Depuis des générations, des familles et des professeurs transmettent les langues régionales, dont les locuteurs n’en parlent pas moins le français pour autant. Il s’agit d’organiser la coexistence du français avec les langues minoritaires et régionales, et non de substituer celles-ci à celui-là.
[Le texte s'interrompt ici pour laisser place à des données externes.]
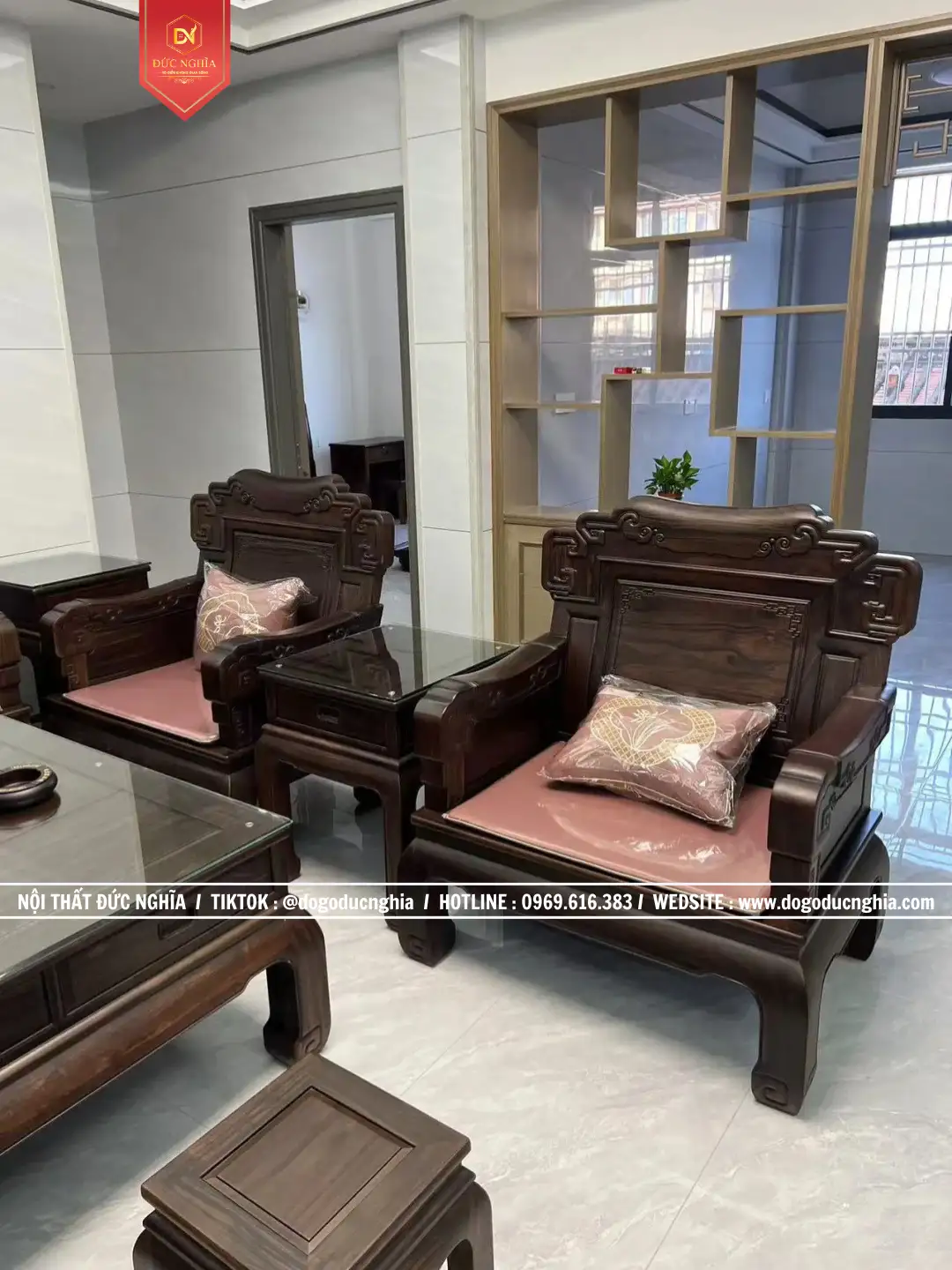 bo-ghe-trien-tranh-go-gu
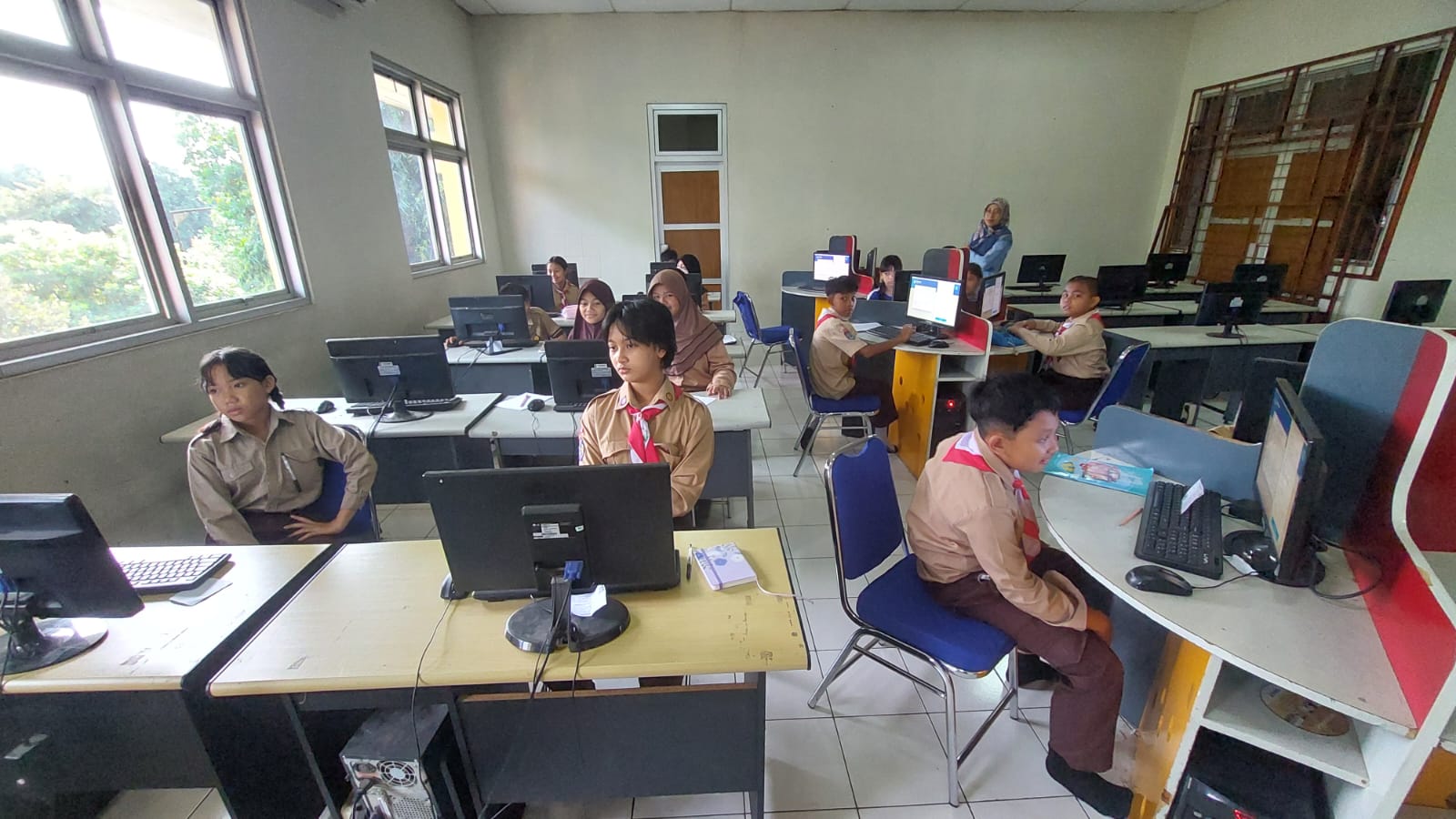 SD Negeri Model Sleman Laksanakan Gladi ANBK di Labkom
Les langues régionales sont source d’enracinement et de cohésion sociale. Elles sont les portes qui permettent d’accéder à d’autres cultures et de les comprendre. Elles ne menacent nullement l’unité de la République, celle-ci étant au contraire préservée dans sa diversité. L’identité française est également constituée de ces différences et de ces enrichissements linguistiques. Le nier reviendrait à nier une partie de notre histoire, de nos régions et de notre patrimoine local. Reconnaître la diversité culturelle, plutôt que de la nier, nous paraît aujourd’hui le plus sûr moyen de préserver l’identité républicaine et de l’enrichir. Seule la reconnaissance du multiple peut garantir notre unité et favoriser l’égalité. Si nous voulons être tous égaux, commençons par admettre que nous sommes tous différents.

La reconnaissance des langues régionales n’est pas un objectif à atteindre ; il s’agit d’une réalité que nous devons renforcer, d’une pratique que nous devons reconnaître juridiquement, en l’inscrivant dans la Constitution.

Pour conclure, permettez-moi de citer un proverbe breton : « ar pobl a koll e yezh a koll e spered », ce qui signifie : « un peuple qui perd sa langue perd son âme ».